The application consists of three active components and several connections:

  • Web frontend: receives input, validates the file and email address, sets up a temporary working directory containing the input text and a configuration file, and submits a job to the queue.
  • Job queue: brokers jobs between frontend and worker. Jobs are submitted in background mode; the frontend receives no progress feedback.
  • Worker process: reads the job configuration, performs chunking, calls the LLM API stage by stage, merges the results, and hands the output file off to the email dispatcher.
  • LLM API: an externally addressed HTTP endpoint, called once per chunk and stage.
  • Email dispatcher: a helper utility responsible for delivering the result, or an error notification, to the recipient.

Workflow

flowchart TD
    User[User]
    UI[Web Frontend]
    Validate[Validation]
    Workdir[Working Directory<br/>Input + Config]
    Queue[Job Queue]
    Worker[Worker Process]
    Chunker[Chunking + Overlap]
    Stage1[Stage 1: Correction]
    Stage2[Stage 2: Revision]
    Stage3[Stage 3: Formatting]
    LLM[LLM API]
    Merge[Result Merging]
    Result[Result File]
    Mailer[Email Dispatcher]
    Mailbox[User Mailbox]

    User -->|File or Text| UI
    UI --> Validate
    Validate -->|valid| Workdir
    Workdir --> Queue
    Queue --> Worker
    Worker --> Chunker
    Chunker --> Stage1
    Stage1 -->|HTTP/JSON| LLM
    LLM --> Stage1
    Stage1 --> Stage2
    Stage2 -->|HTTP/JSON| LLM
    LLM --> Stage2
    Stage2 --> Stage3
    Stage3 -->|HTTP/JSON| LLM
    LLM --> Stage3
    Stage1 --> Merge
    Stage2 --> Merge
    Stage3 --> Merge
    Merge --> Result
    Result --> Mailer
    Mailer --> Mailbox
    Mailbox --> User

The flow starts with input through the web frontend.
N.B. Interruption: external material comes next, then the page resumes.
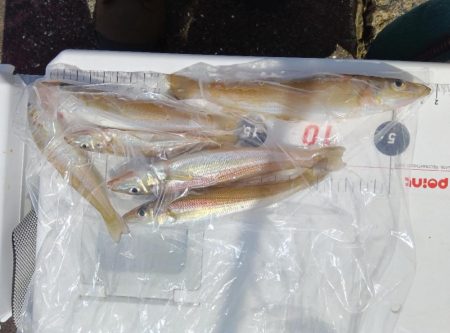 苅屋海岸のキス釣り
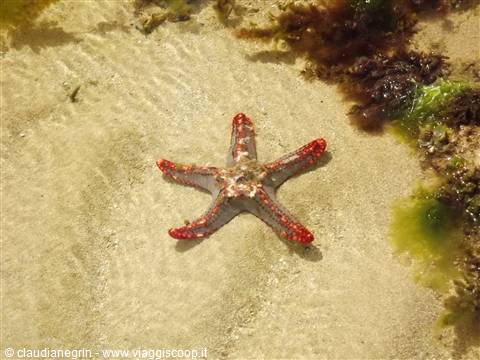 Malindi - Reef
After successful validation, a temporary working directory is created containing the input text and a configuration file with the recipient address, the chosen final stage, the language preference, and the context. The frontend hands this path to the job queue and confirms acceptance to the user; the browser session can be closed at this point.

The worker process is launched by the queue, loads the configuration, and reads the input text. It then splits the text into chunks of fixed length with overlap. For each active stage, the LLM API call is executed in parallel for every chunk, bounded by a semaphore. On transient errors, up to five retries with progressive backoff are performed. The output of one stage becomes the input of the next.

When merging the final result, the worker selects the highest-ranked successful intermediate result per chunk and falls back to the original segment with an error note if a chunk fails permanently. The result file is stored under a name reflecting the final stage and is handed off to the email dispatcher. After delivery, the working directory is removed entirely.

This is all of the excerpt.